◆ Provided data ◆
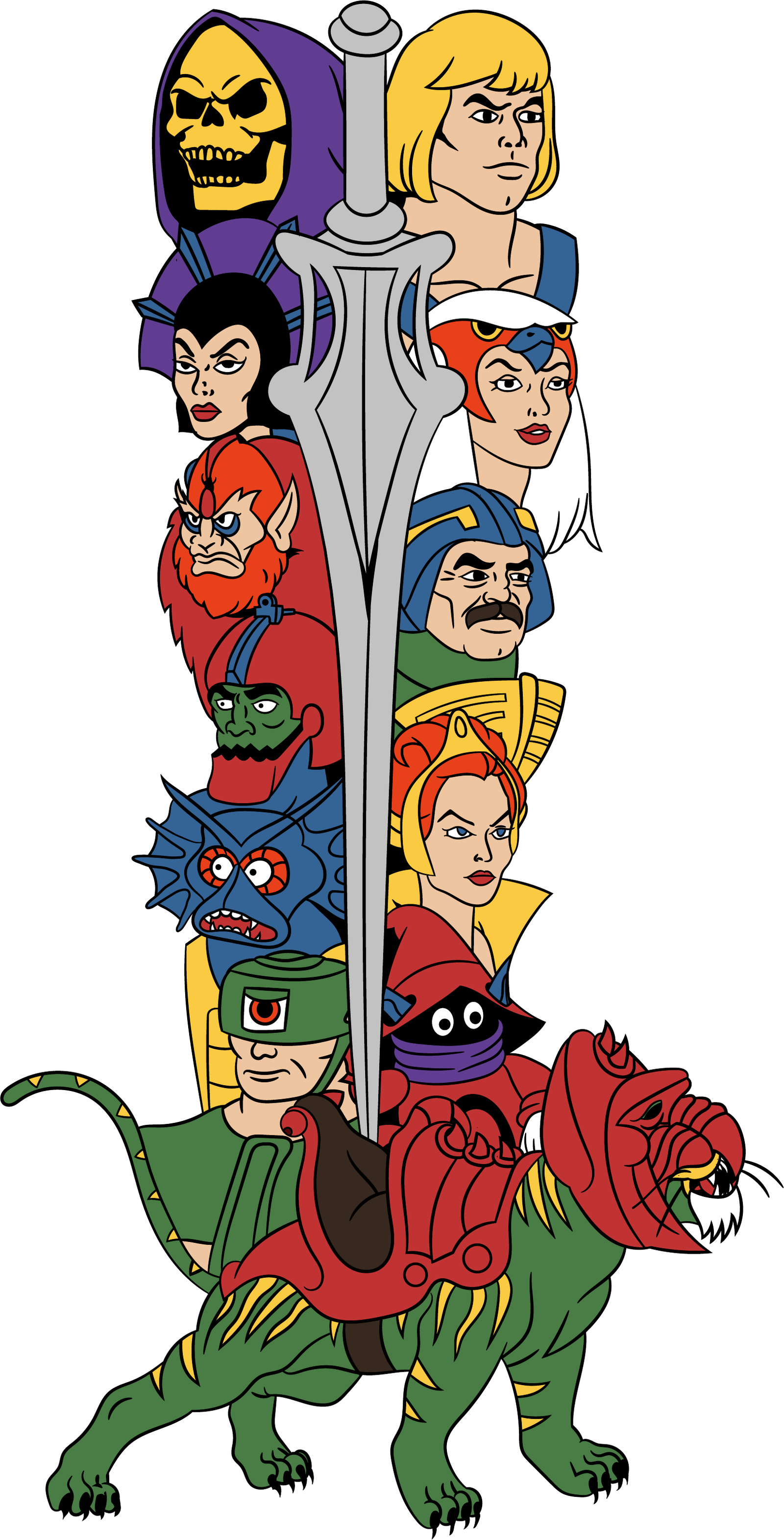 MasterOfTheUniverse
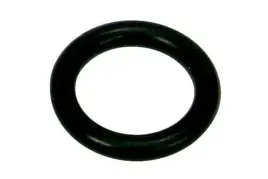 vlg8504-pierscien-o-ring-wtryskiwacza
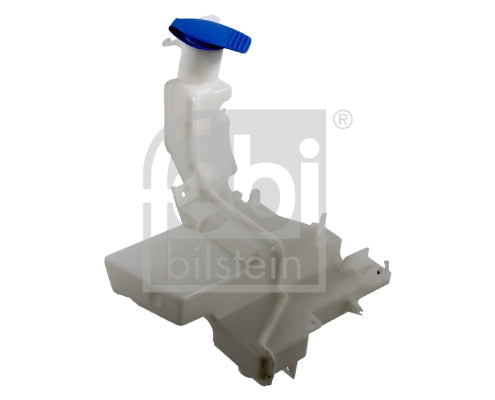 Febi Bilstein Windscreen Washer Bottle - 37972 fits Volkswagen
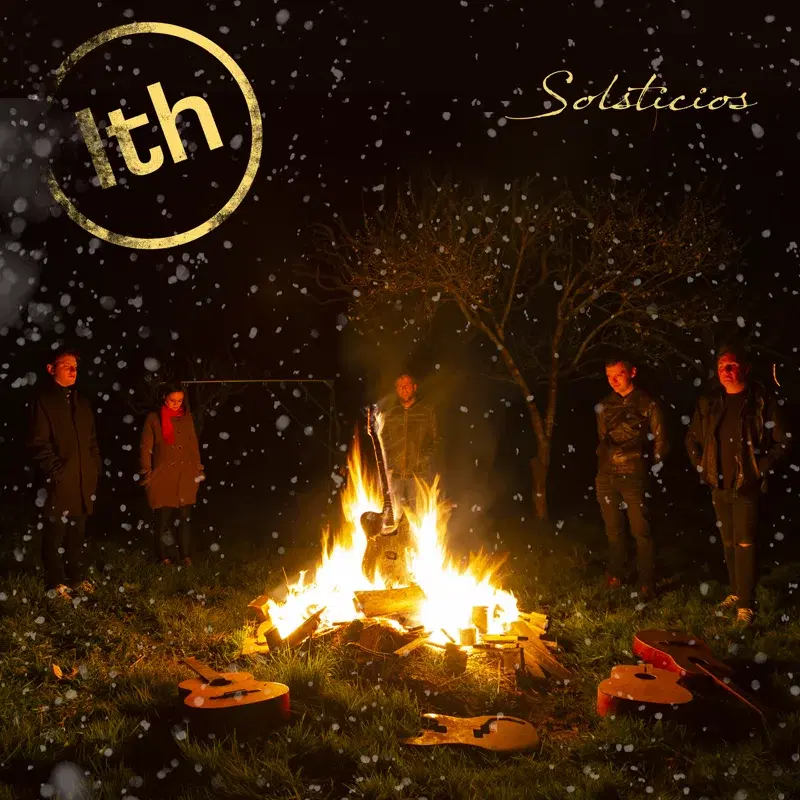 Solsticios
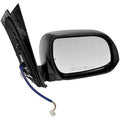 SIDE VIEW MIRROR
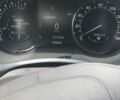 Бежевый Линкольн МКЗ, объемом двигателя 2 л и пробегом 230 тыс. км за 12500 $, фото 1 на Automoto.ua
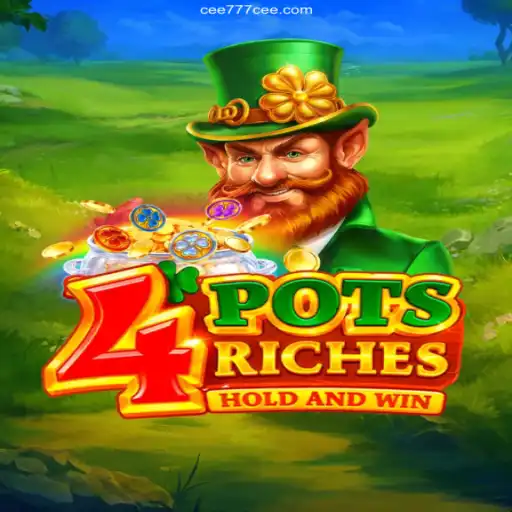 CEE777.Com  A Plataforma de Apostas #1 do Brasil CEE777 Casino App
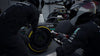 F1-MANAGER-2023-PS5-UK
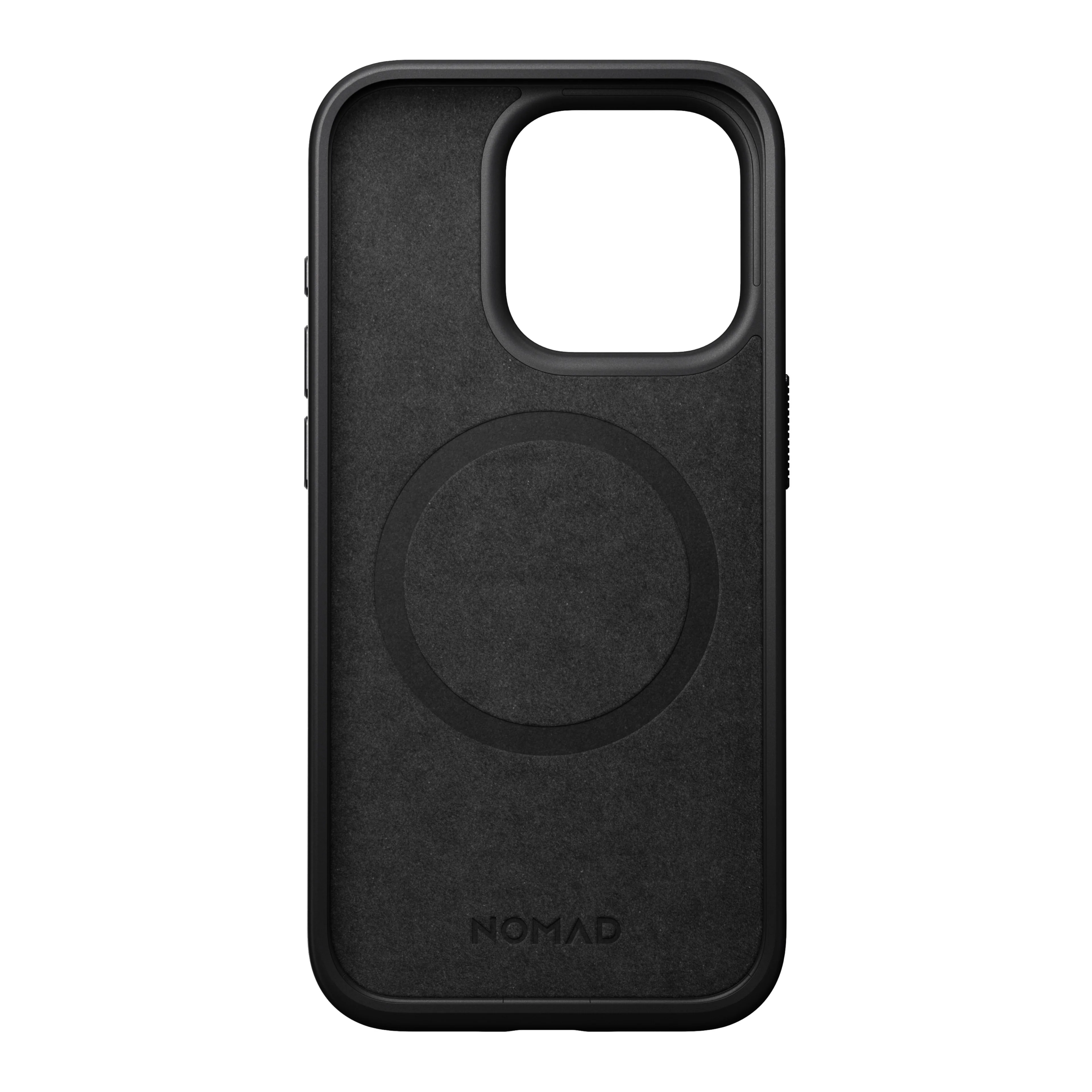 Modern Leather Case - Image 64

◆ Work item ◆
The copy you produce must match the entries above exactly, except that it has no pictures.

◆ Result below ◆
 MasterOfTheUniverse
 vlg8504-pierscien-o-ring-wtryskiwacza
 Febi Bilstein Windscreen Washer Bottle - 37972 fits Volkswagen
 Solsticios
 SIDE VIEW MIRROR
 Бежевый Линкольн МКЗ, объемом двигателя 2 л и пробегом 230 тыс. км за 12500 $, фото 1 на Automoto.ua
 CEE777.Com  A Plataforma de Apostas #1 do Brasil CEE777 Casino App
 F1-MANAGER-2023-PS5-UK
 Modern Leather Case - Image 64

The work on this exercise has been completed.